Yep that's modern day for you trash talk sells for some reason. That's why UFC will never get rid of mcgregor even though he should be gone years ago for the stuff he's done


----------



## chrissyp (Apr 29, 2018)

I personally like to an extent, I just feel its too limited for full contact, making it a little akward. The lack of leg kicks hinders other karate styles. I would also like to see standing elbows.


----------



## CB Jones (Apr 29, 2018)

chrissyp said:


> The lack of leg kicks hinders other karate styles.



How so?

What karate style will be hindered by not allowing kicks to the upper leg?


----------



## chrissyp (Apr 29, 2018)

CB Jones said:


> How so?
> 
> What karate style will be hindered by not allowing kicks to the upper leg?

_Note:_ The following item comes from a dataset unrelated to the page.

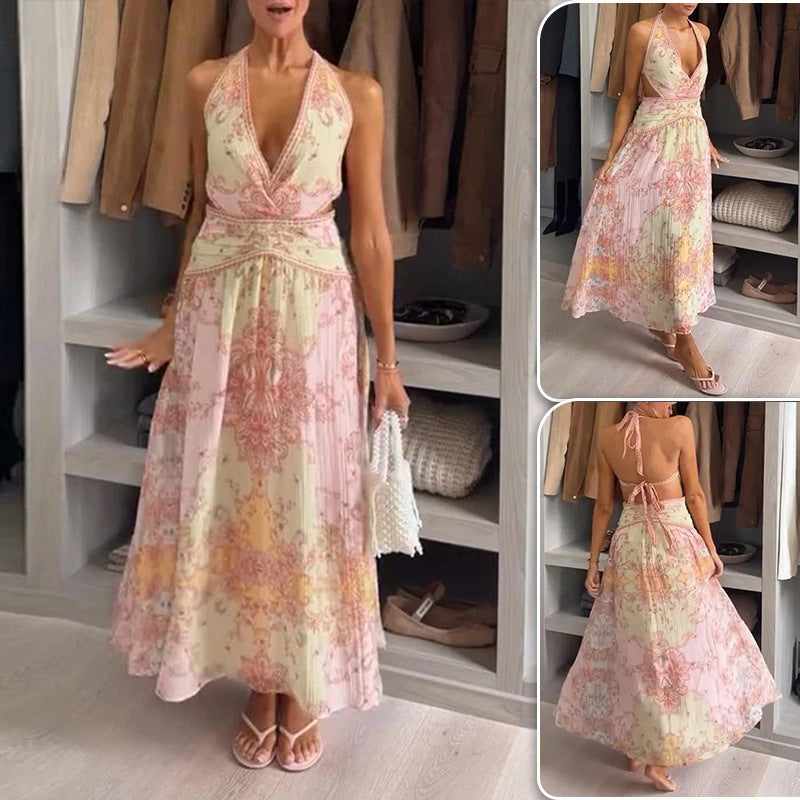 Women's Fashionable Printed V-Neck Halter Dress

Kyokushin, enshin, and I think Goju come to mine right of the bat.


----------



## CB Jones (Apr 29, 2018)

chrissyp said:


> Kyokushin, enshin, and I think Goju come to mine right of the bat.



Interesting

Are kicks to the upper leg that fundamental to those arts?


----------



## chrissyp (Apr 29, 2018)

I also would like to see them wear the kimonos and allow grabs and throws with it! I do like it though and well keep watching it and wish it the best.


----------



## chrissyp (Apr 29, 2018)

CB Jones said:


> Interesting
> 
> Are kicks to the upper leg that fundamental to those arts?


For kyokushin, how they compete, I'd think so. I can't personally say, because I never trained it. I have trained thai boxing, and they use the low kick, very much like a thai boxer would.


----------



## Mitlov (Apr 29, 2018)

CB Jones said:


> How so?
> 
> What karate style will be hindered by not allowing kicks to the upper leg?



This is common in Kyokushin.  Constant thigh kicks as part of combos.


----------



## JR 137 (Apr 30, 2018)

CB Jones said:


> Interesting
> 
> Are kicks to the upper leg that fundamental to those arts?


The gedan mawashi geri (low roundhouse kick) is about as fundamental as a jab in boxing.  They outside and inside of the thighs are primary targets that a lot of combos start with.  And it’s used to wear your opponent down.  Taking that away is almost (but not quite) like taking a boxer’s jab away.


----------



## _Simon_ (Apr 30, 2018)

Ahhh there's nothing like landing a perfect gedan mawashi geri... XD (I also can't help but smile if someone lands one on me!)


----------



## EddieCyrax (Apr 30, 2018)

I overall enjoyed watching this and think it will get better with time/modifications as discussed above.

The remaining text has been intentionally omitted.